В 1900 году, выступая в Полтаве с лекциями о почвоведении, Докучаев скажет с горечью: «На днях профессор Вернадский получил поручение от Московского университета разобрать сочинения Ломоносова, и я с удивлением узнал от профессора Вернадского, что Ломоносов давно уже изложил в своих сочинениях ту теорию, за защиту которой я получил докторскую степень, и изложил, надо признаться, шире и более обобщающим образом».

Пройдет еще несколько лет, и в 1911 году Владимир Иванович Вернадский, талантливейший ученик Докучаева, представит русскому обществу найденное им сочинение Ломоносова «О слоях земли». Высоко оценив этот «не только научный, самостоятельный труд», но и «одно из первых научно-популярных произведений русской литературы», он напишет и такие слова: «Судьба этой работы была печальна. Она была совершенно забыта и русским обществом, и наукой. Ломоносов отчасти сам был виною этому. Он скрыл ее в другом своем сочинении – в «Первых основаниях металлургии», напечатав ее в виде приложения второго».
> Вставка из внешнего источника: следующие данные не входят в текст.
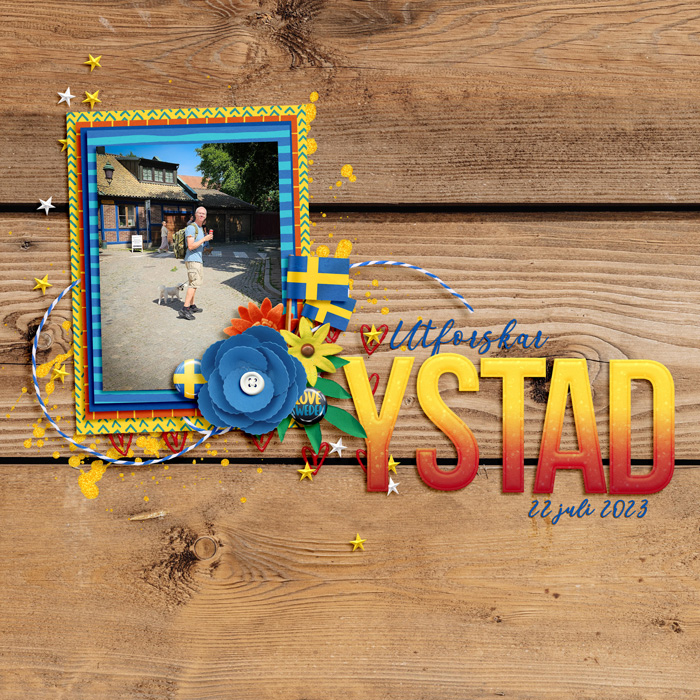 Exploring Ystad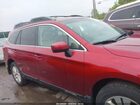 2016 Subaru Outback 2.5i Premium Красный vin: 4S4BSBDC1G3240567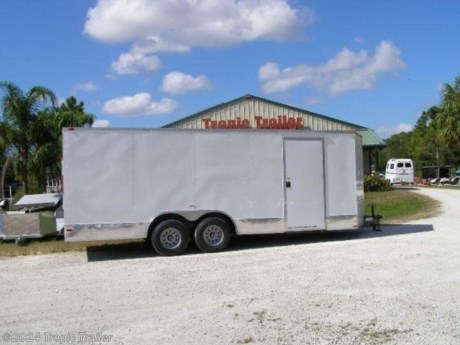 &#39;Rent-to-Own&#39; &#39;No Credit Check&#39;&lt;br&gt; &lt;br&gt; &#39;Rent-to-Own&#39; &#39;No Credit Check&#39; &lt;br&gt;ALL PRICES SHOWN ARE FOR FACTORY PICK UP&lt;br&gt;&lt;br&gt;South Ga Cargo 8.5&#215;20 Enclosed.&lt;br&gt;V-nose&lt;br&gt;6&amp;#8217;6&quot; Interior Height&lt;br&gt;24&quot; Stone Guard&lt;br&gt;Aluminum Fenders&lt;br&gt;36&quot; Side Door&lt;br&gt;3/8 Plywood sidewalls&lt;br&gt;3/4 Plywood Floor&lt;br&gt;6&quot; I-Beam Frame&lt;br&gt;Safety Chains&lt;br&gt;Electric Brakes&lt;br&gt;L.E.D. Tail Lights&lt;br&gt;24&quot; on Center Roof&lt;br&gt;2-5/16 Coupler&lt;br&gt;2-12 Volt Dome Lights w/Switch&lt;br&gt;Roof Vent&lt;br&gt;ST205 15&quot; Bias Ply Tires&lt;br&gt;7 Way Round Pigtail Connector&lt;br&gt;D.O.T Exterior Lighting&lt;br&gt;Beavertail Frame&lt;br&gt;16&quot; on Center Floors and Walls&lt;br&gt;3500# Leaf Spring Axles&lt;br&gt;Rear Ramp Door Spring Assist.&lt;br&gt;&lt;br&gt;Factory Pick up price in Pearson Ga.&lt;br&gt;&lt;br&gt;Also available for pick up at our locations in Ft. Myers, Fl. &amp;amp; Marianna, FL. For additional frieght charges. http://www.tropictrailer.com/--xInventoryDetail?id=8306261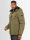 A. Salvarini Herren Winterjacke AS332 Olive Größe S - Gr. S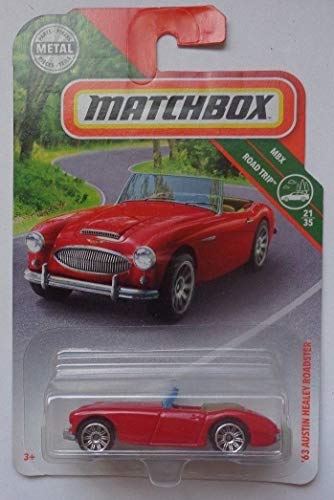Matchbox 2019 MBX Roadtrip '63 Austin Healey Roadster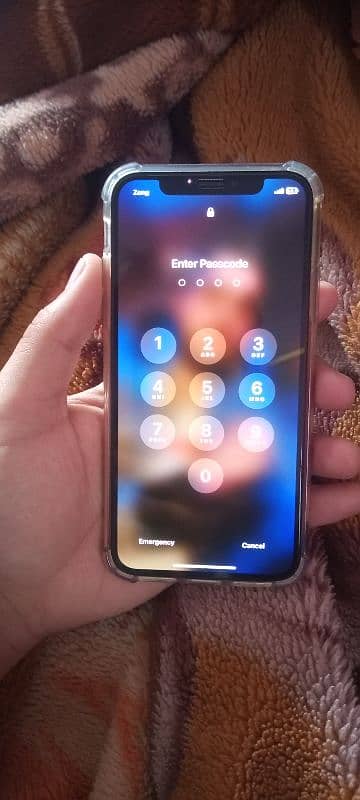 iphone X 256gb official 12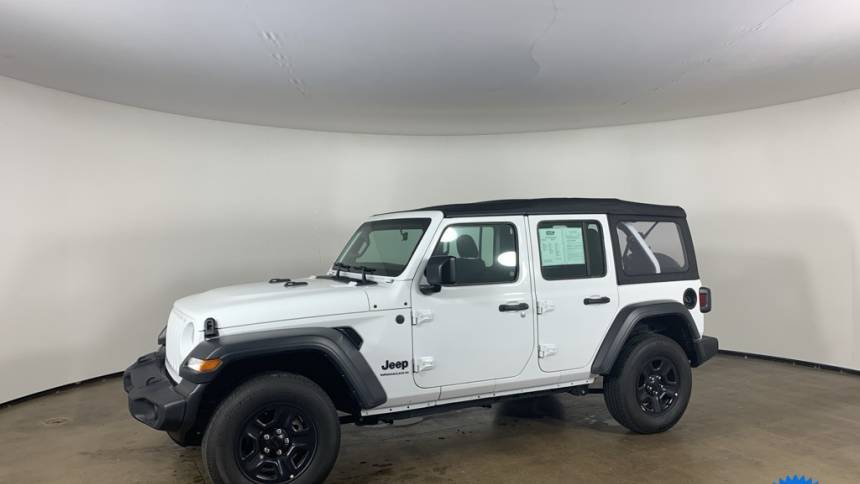 2023 Jeep Wrangler Sport — SUV — 27,934 mi — Peoria, IL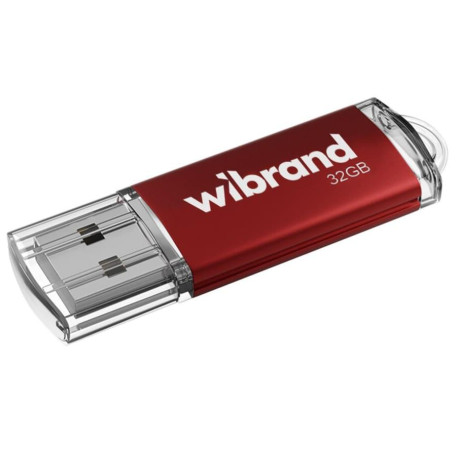 Флеш-накопитель Wibrand Flash USB 2.0 Cougar 32Gb Red (WI2.0/CU32P1R)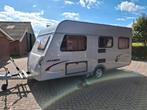 Eriba Hymer Living Pulse 465, Caravans en Kamperen, Koelkast, Rondzit, Frans bed, Particulier
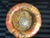 1950s Custom Vintage 1950s Cigar Seals Decoupage Trinket Dish For Sale - Image 5 of 13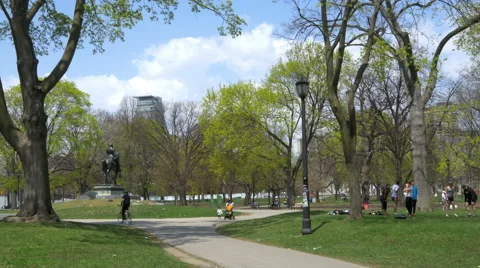 Queen's Park - Toronto Canada Stock Footage 49912044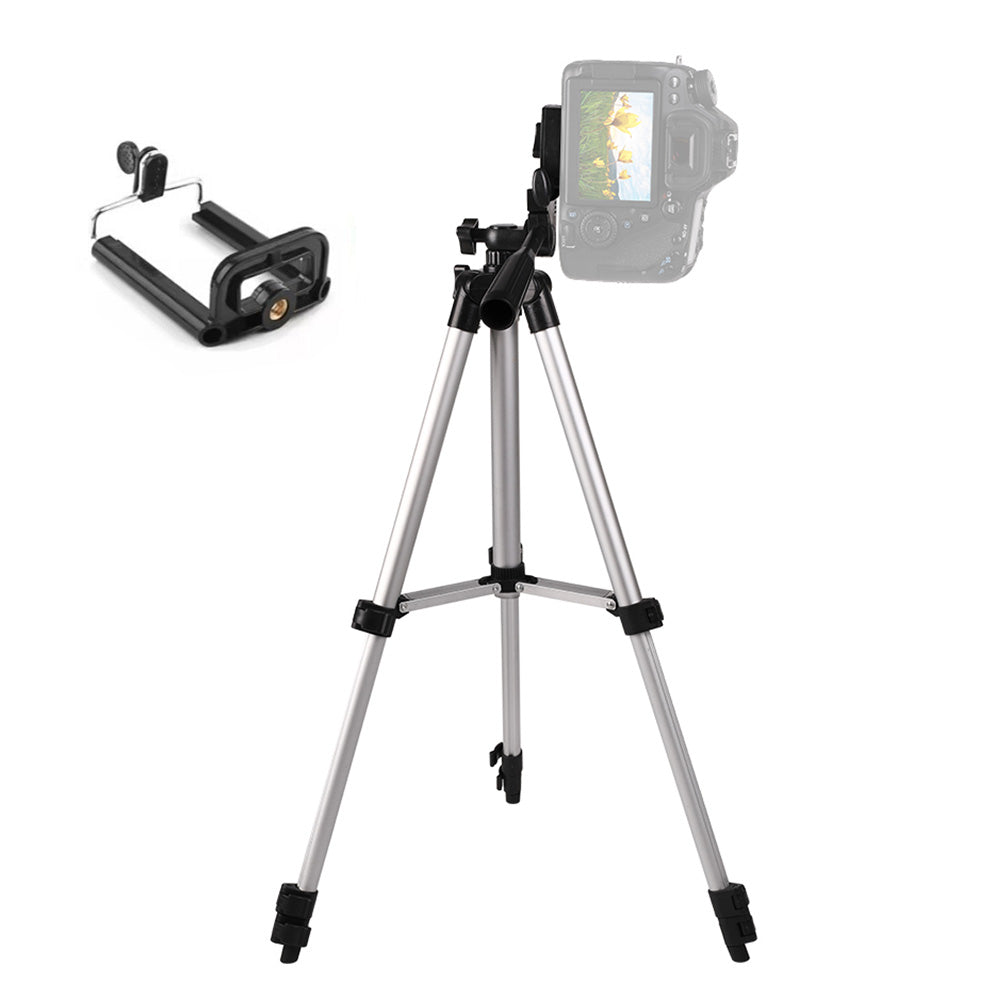 Telescopic Tripod Stand Holder Mount for Smartphone Camera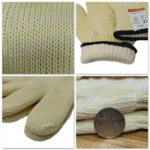 300°C Heat Resistant Aramid Knit Gloves - Image 2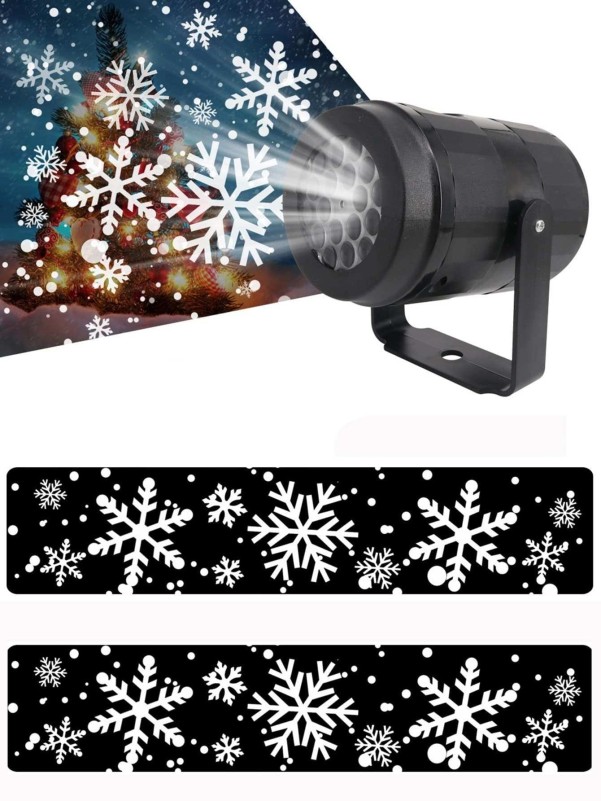 Snowflake Led Projecting Light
Да, так получилось, что Ломоносов, изложив теорию почвообразования, сам лишил труд свой самостоятельного значения. И мало того, что приложил его к сочинению, с которым «данная работа ничего не имеет общего». Он приложил его к трактату, написанному значительно раньше, еще в 1972 году, и, естественно, к моменту издания, через два десятилетия, многие наблюдения и факты по металлургии успели устареть – «книга вышла уже обветшалой». Вот почему, по мнению Вернадского, «при этом заглохло и блестящее, огромной научной важности... приложение», то есть сочинение «О слоях земных», написанное Ломоносовым в конце 1760 или в январе 1761 года. Как раз в это время он работал в Академии наук по исправлению «Российского атласа» и составлению «Российской географии».

Так Ломоносов, явившийся, по оценке Вернадского, «не только первым русским почвоведом, но первым почвоведом вообще», был забыт как почвовед почти на 150 лет.

Добрым словом нужно вспомнить и первого профессора «сельскохозяйственного домоводства» М.И.Афонина, начавшего, по инициативе того же Ломоносова, преподавание почвенной науки в Московском университете с 1770 года. Это он на торжественном собрании профессоров университета произнес «Слово о пользе, знании, собирании и расположении чернозему, особливо в хлебопашестве». В этой речи, как свидетельствуют историки, Афонин не только призвал коллег своих к изучению почв России, но и одним из первых «дал классификацию черноземов, указал необходимые для поддержания их плодородия агротехнические мероприятия и поставил вопрос об организации почвенных музеев».